In case you’re new to the Pond’s book recommendation posts, the recommendation posts are brought to you by Varian, the Pond’s very own Toadshifter who is knowledgeable in all kinds of magic! One of Varian’s ambitions is to get better at sewing, hence why whenever Varian has come up with their latest costume, they will always recommend a few books that inspired them!
With what is going on in the world right now, activism has become a salient and powerful tool for fighting against injustice. More than ever, young people are getting involved in activism. Whether it’s participating in protests, everyday resistance, or working with their communities in movements, people, including young people, are faced with confronting questions that challenge the way they perceive society, the world, and themselves.
Marva Sheridan was born ready for this day. She’s always been driven to make a difference in the world, and what better way than to vote in her first election?
Duke Crenshaw is so done with this election. He just wants to get voting over with so he can prepare for his band’s first paying gig tonight. Only problem? Duke can’t vote.
When Marva sees Duke turned away from their polling place, she takes it upon herself to make sure his vote is counted. She hasn’t spent months doorbelling and registering voters just to see someone denied their right.

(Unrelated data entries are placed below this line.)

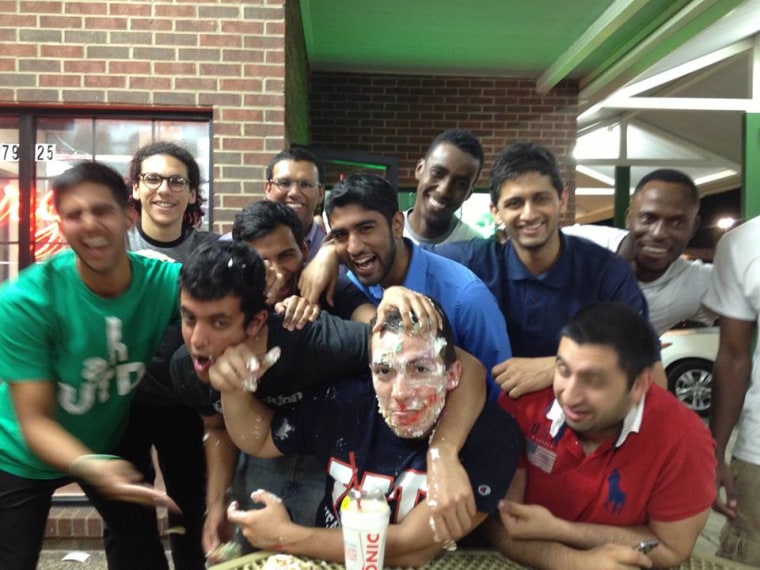 ALM members celebrate the admission of one of its brothers into medical school.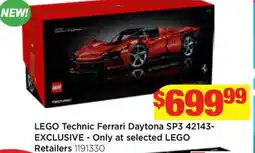 Mr Toys LEGO Technic Ferrari Daytona SP3 42143- EXCLUSIVE offer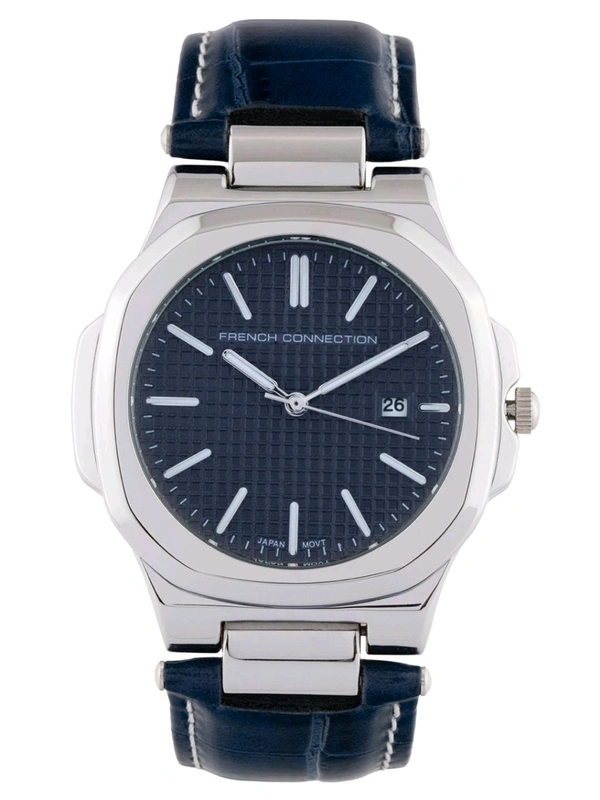 French Connection Men's Blue Dial Analog Watch- FCB2UL (M)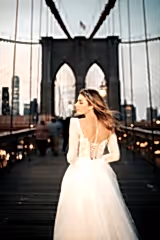 No One Üç Boyutlu Dantel A Kesim Gelinlik - Mediha Cambaz Bridal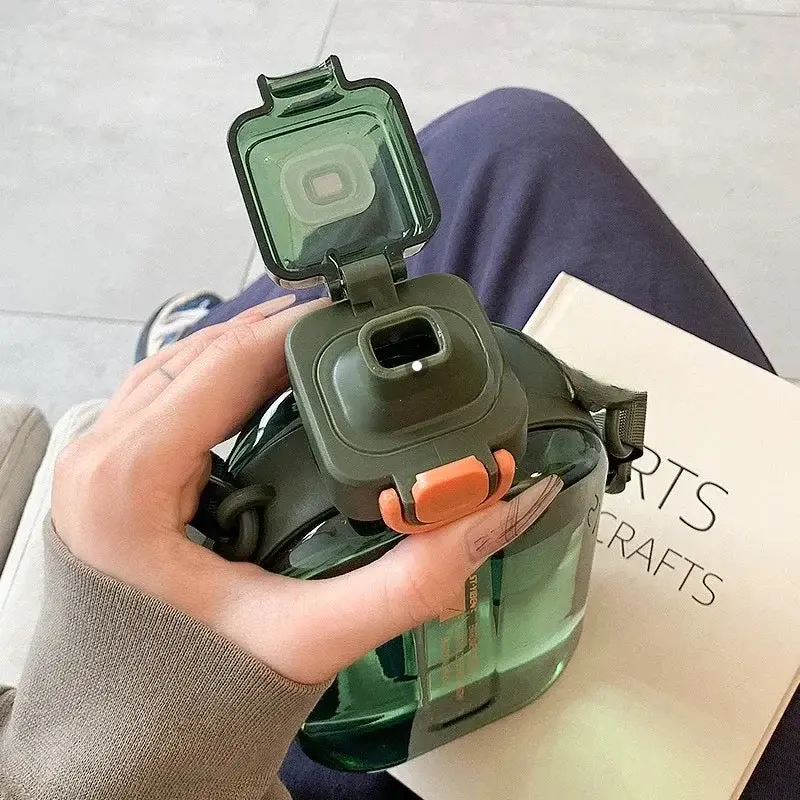 Flat Square Transparent water Bottle
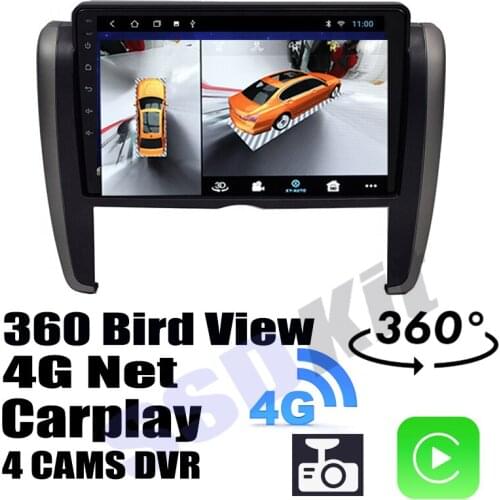 Car Audio Navigation GPS Stereo Media Carplay DVR 360 Birdview Around 4G Android System For TOYOTA Premio Allion T260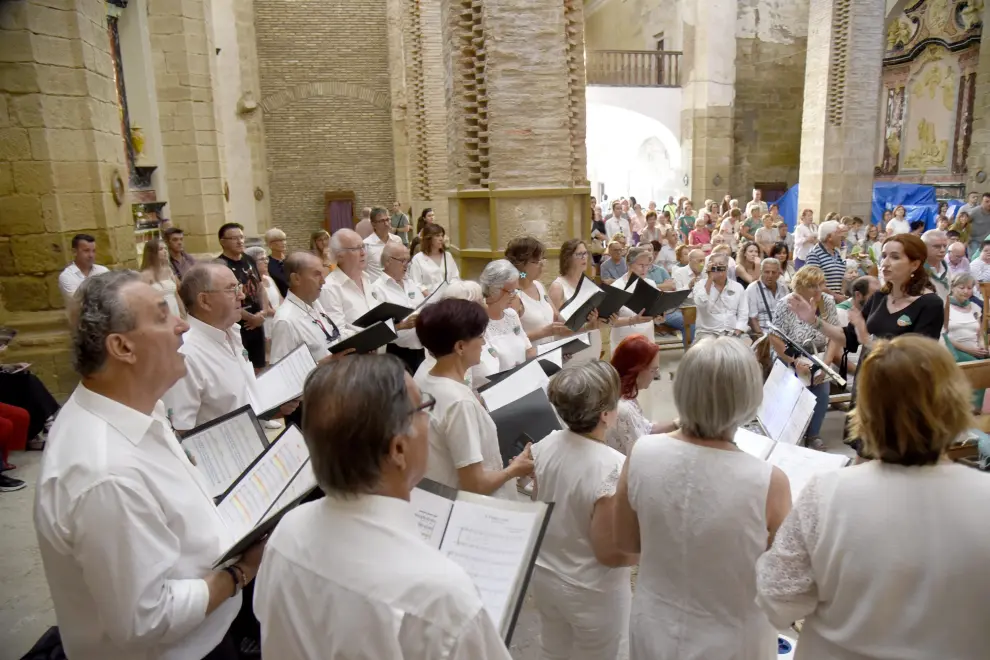 Homenaje a San Lorenzo en la ermita de Loreto.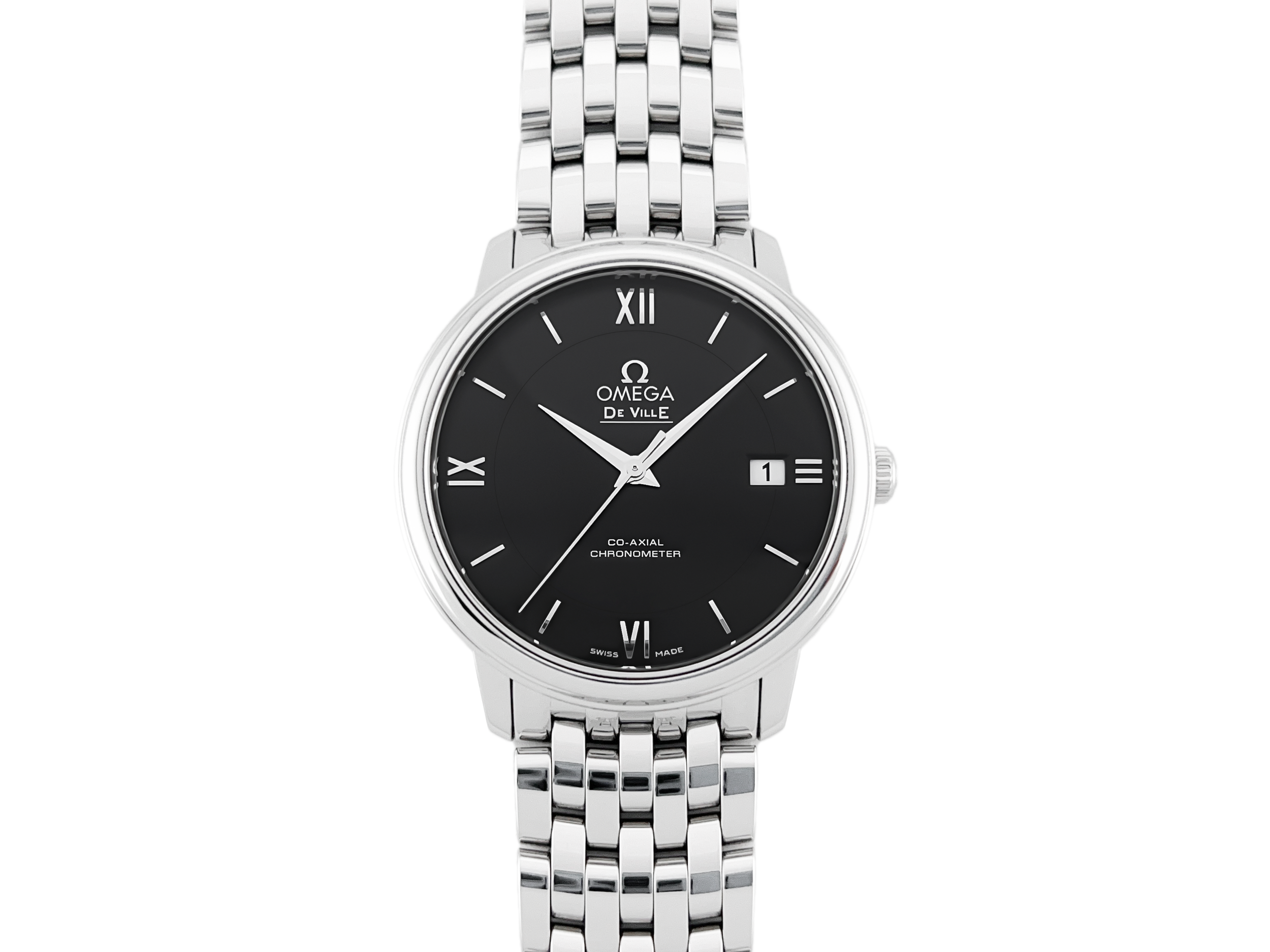 Omega De Ville Prestige ref. 424.10.37.20.01.001, original warranty card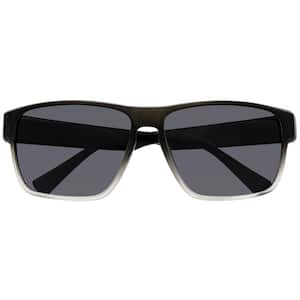 Polarized Square Black Smoke Sunglasses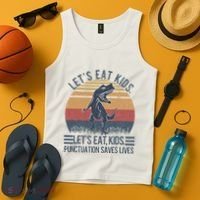 Lets Eat Punctuation Saves Lives Tank Top thumb 4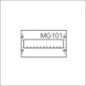 ABB 2CPX041653R9999 MBG102 Inbouwunit leeg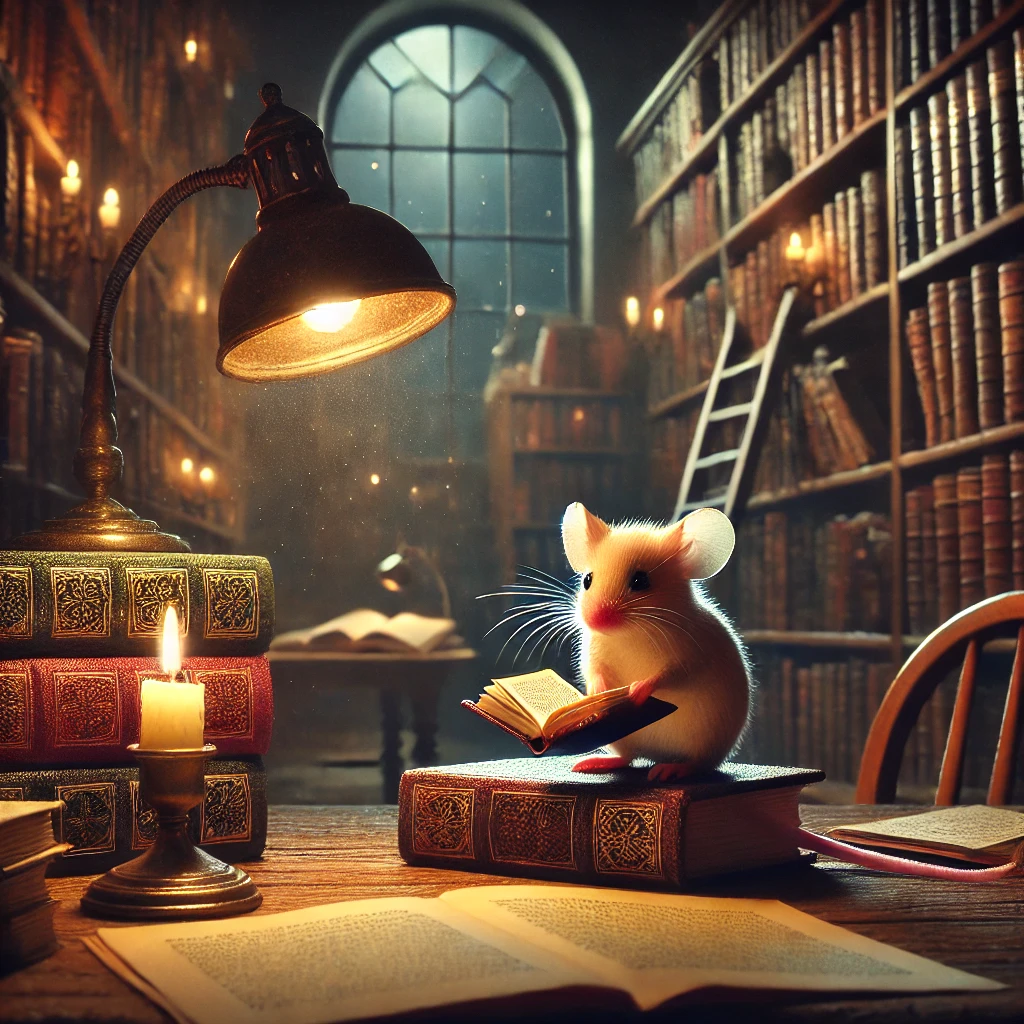 Кто бы мог подумать, что мышь станет любить книги
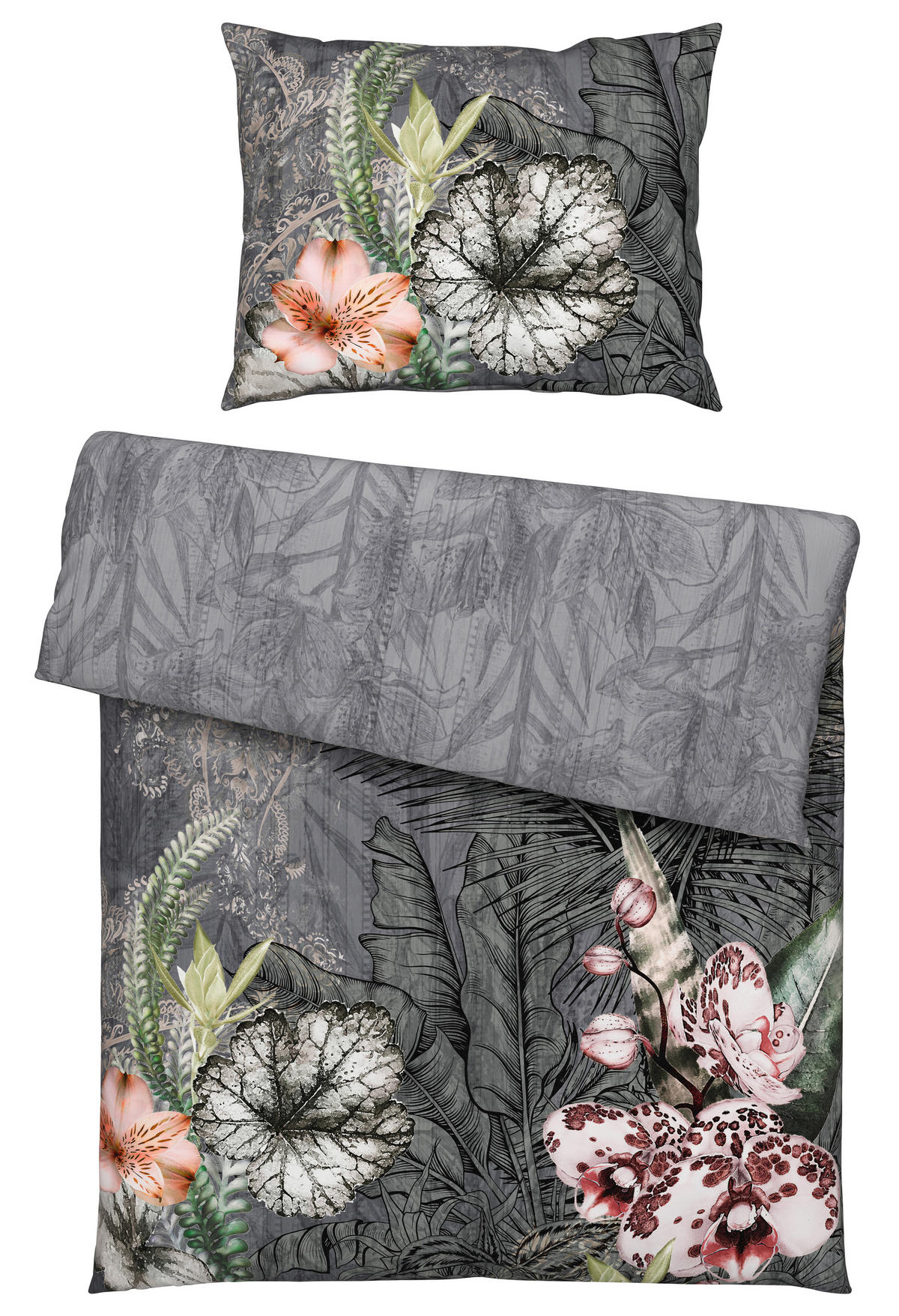 WENDEBETTWÄSCHE Renforcé 140/200 cm  - Grau, Textil (140/200cm) - Esposa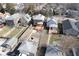 Aerial view of houses and backyards at 526 N Emerson Ave, Indianapolis, IN 46219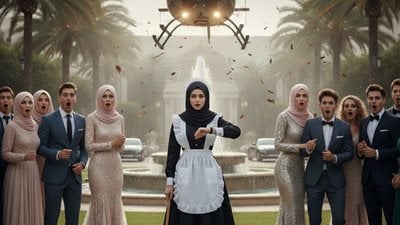 جاءت بزيّ خادمة ليسخروا منها… فغادرت أميرة وتركَت الجميع بلا كلمات! 🚁👑🔥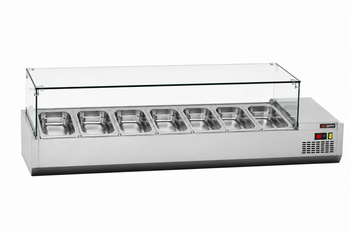 Soğutmalı Set Üstü Saladbar - Camlı - 1/3 GN 7 Küvet Kapasiteli
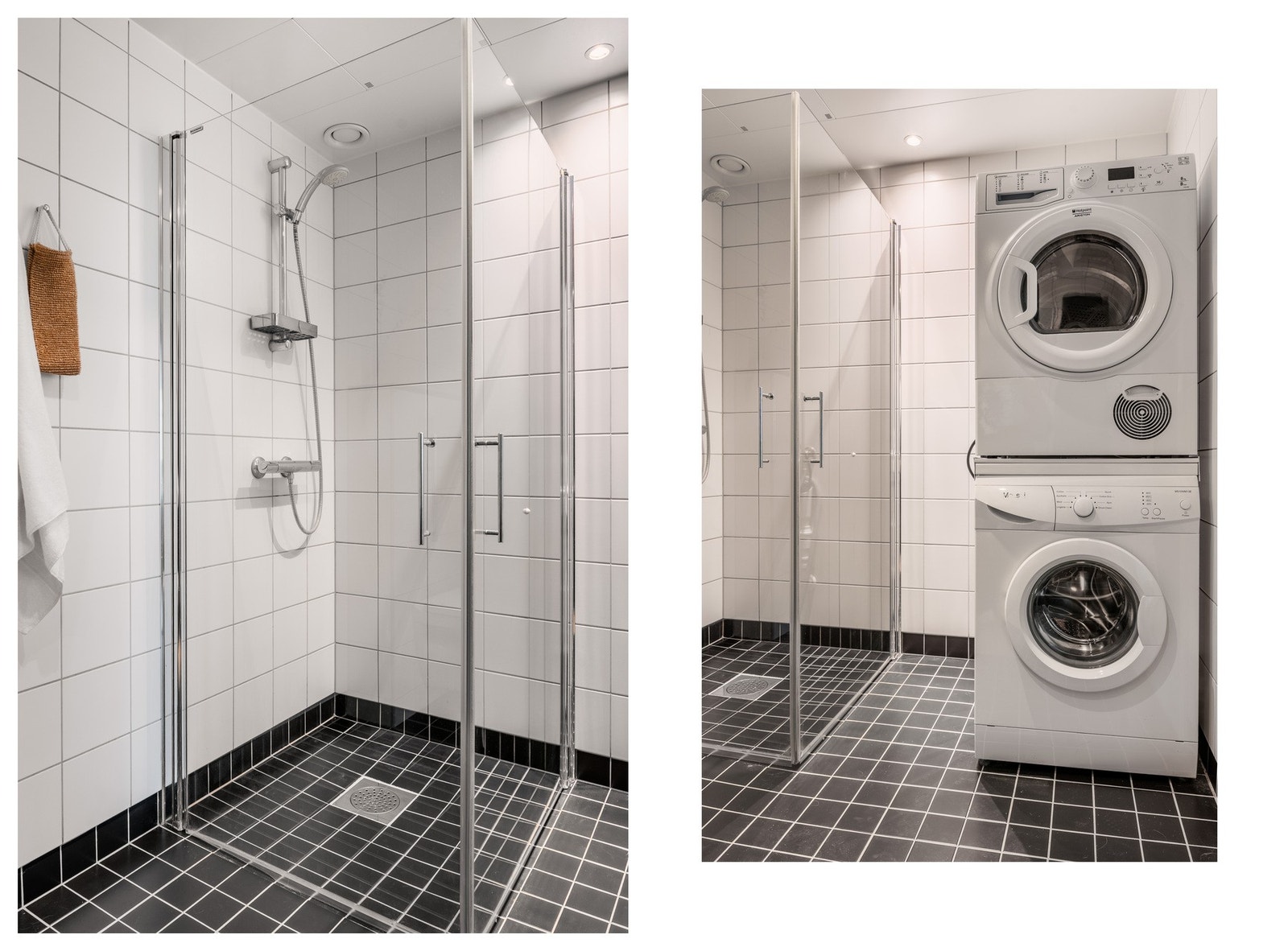 Det er også opplegg for vaskemaskin og plass til tørketrommel i tårn. Galleribilde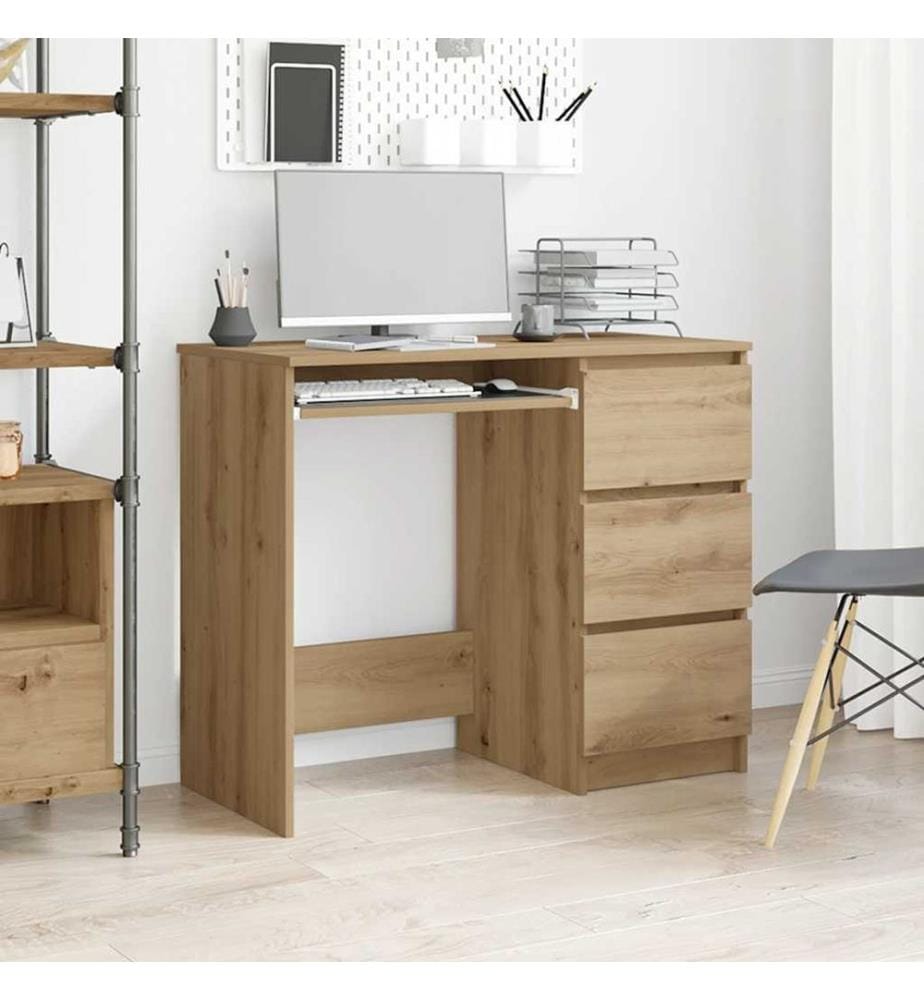 Schreibtisch Artisan-Eiche 90x45x76 cm Holzwerkstoff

And that’s how their whirlwind day begins, rushing from precinct to precinct, cutting school, waiting in endless lines, turned away time and again, trying to do one simple thing: vote. They may have started out as strangers, but as Duke and Marva team up to beat a rigged system (and find Marva’s missing cat), it’s clear that there’s more to their connection than a shared mission for democracy.
I don’t know how Brandy Colbert does it. I don’t know she deftly balances a story that is both incredibly warm and soft but also incisive in its discourse in activism and privilege. After reading The Voting Booth, I came away with these warm and fuzzies because the love story is such a treasure and a delight but I also loved how it made me think, reflect, and feel deeply about the Black experiences portrayed in the story.